De l’opéra à la calligraphie

Le film de wu xia a deux sources. L’une, majoritaire, inspirée du roman de chevalerie classique (Au bord de l’eau, Les Trois Royaumes) ou du nouveau roman d’arts martiaux apparu au milieu des années cinquante avec Jin Yong ou Louis Cha et Gu Long. L’autre, minoritaire, en retournant aux sources de l’Opéra de Pékin et à sa tradition martiale. Voie suivie par King Hu, attaché aux dames d’épée du répertoire opératique (wudan ou héroïne guerrière). L’auberge, dès L’Hirondelle d’or, puis avec Dragon Inn et L’Auberge du printemps, sera le lieu scénique qui scellera ces retrouvailles. Importance de l’architecture du décor, des accessoires, du placement des personnages, sens de la chorégraphie et des articulations entre les plans, avec cette alternance entre amour du cadre et de la surface puis vertu de la profondeur de champ. Les corps sont immobiles mais les objets-armes fusent pour eux, ou les accessoires sont immobiles et les personnages en mouvement (sauts, acrobaties) animent la scène en un feu d’artifice coloré, alors que le bruit des tissus dans l’air chante la mélodie des corps. Tradition musicale de l’opéra oblige, tout est affaire de rythme et de montage, d’accélération et de ralentissement, d’élans furtifs et d’arrêts brusques. D’une action, dont on ne voit que le milieu, nous manque son point de départ et d’arrivée, et d’une autre action, dont on voit le déclenchement et son impact, nous manque son développement.
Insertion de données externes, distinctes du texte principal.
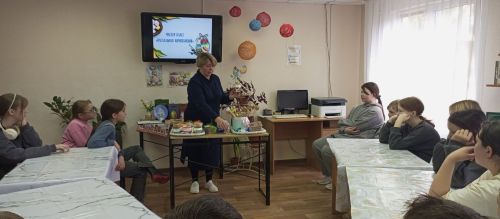 В Камскополянской библиотеке прошел мастер-класс «Пасхальная композиция»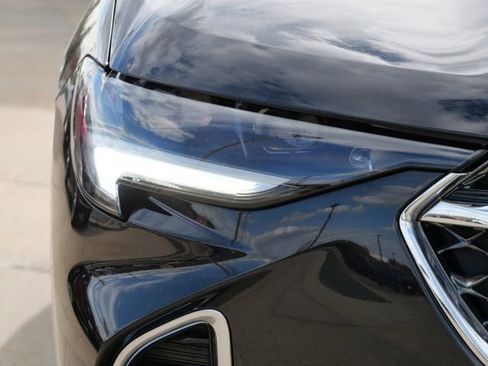 Used 2023 Buick Envision Avenir AWD/4WD image 10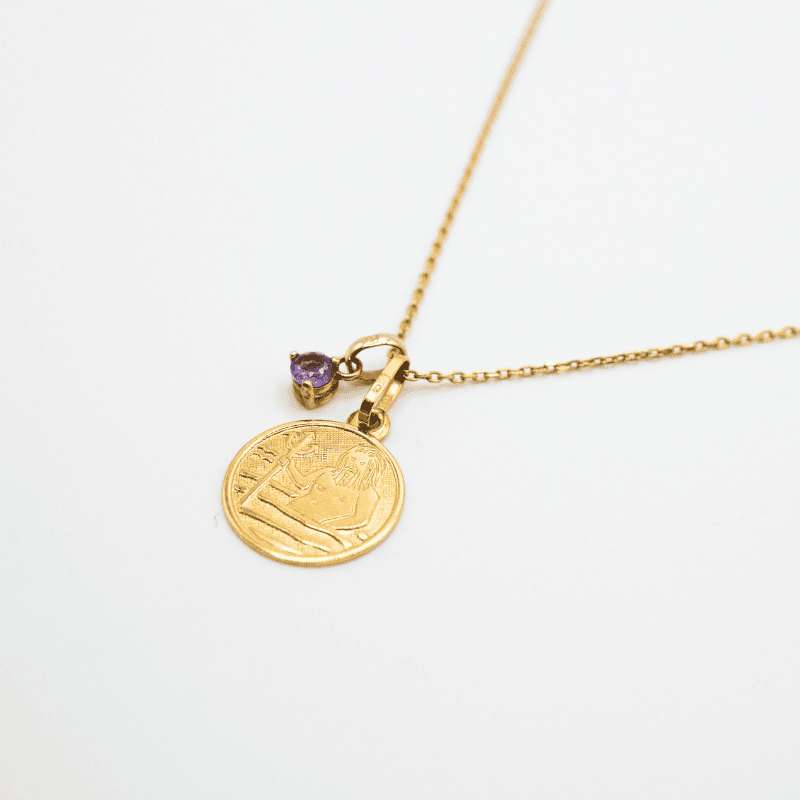 Kette mit Geburtsstein-Anhänger und Sternzeichen in Gold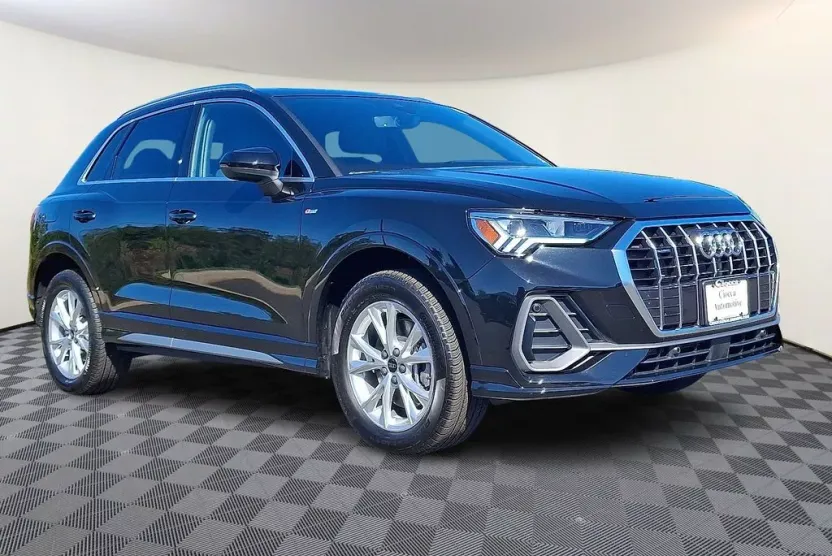 2025 Audi Q3 45 TFSI S line Premium photo 1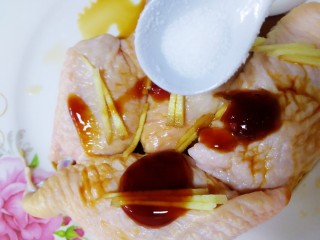 10、糯米蒸鸡翅,半小勺盐。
Unité, fragments, intervalles, temps morts et temps vifs, tout est merveilleusement orchestré. Rien à voir par conséquent avec le choc de l’action et l’explosion des corps (Chang Cheh) ou avec la frénésie du wu xia fantastique de Tsui Hark (Zu, les guerriers de la montage magique, 1983) où l’emballement de l’action ressemble à une toupie affolée que rien ne peut plus arrêter.

De L’Hirondelle d’or à Raining in the Mountain, King Hu a tenté l’alliance heureuse entre amour de l’opéra (unité de la scène close avec ses multiples combinatoires et agencements, ses variations de rythme, entre fulgurances et mouvements amples) et plaisir de la calligraphie, à jamais plane et ouverte. Les splendides scènes de forêt (A Touch of Zen, Raining in the Mountain) alternent mouvements horizontaux (course-poursuite) et verticaux, avec ces sauts dans le vide de personnages drapés dans leurs costumes qui semblent avoir pour mission par la grâce du montage de ne plus devoir retomber. Les travellings d’accompagnement déréalisent la nature et les brusques panoramiques d’un personnage à l’autre amplifient les intervalles et rendent la matière floue, à l’image du plein et du délié du pinceau. Mais lorsque Xu Feng, la muse de King Hu, s’arrête de courir, on la voit reprendre son souffle, respirer fortement, le front en sueur, l’air soucieux, avant de repartir. Chez King Hu, pour notre plus grand bonheur, l’abstraction a ses limites.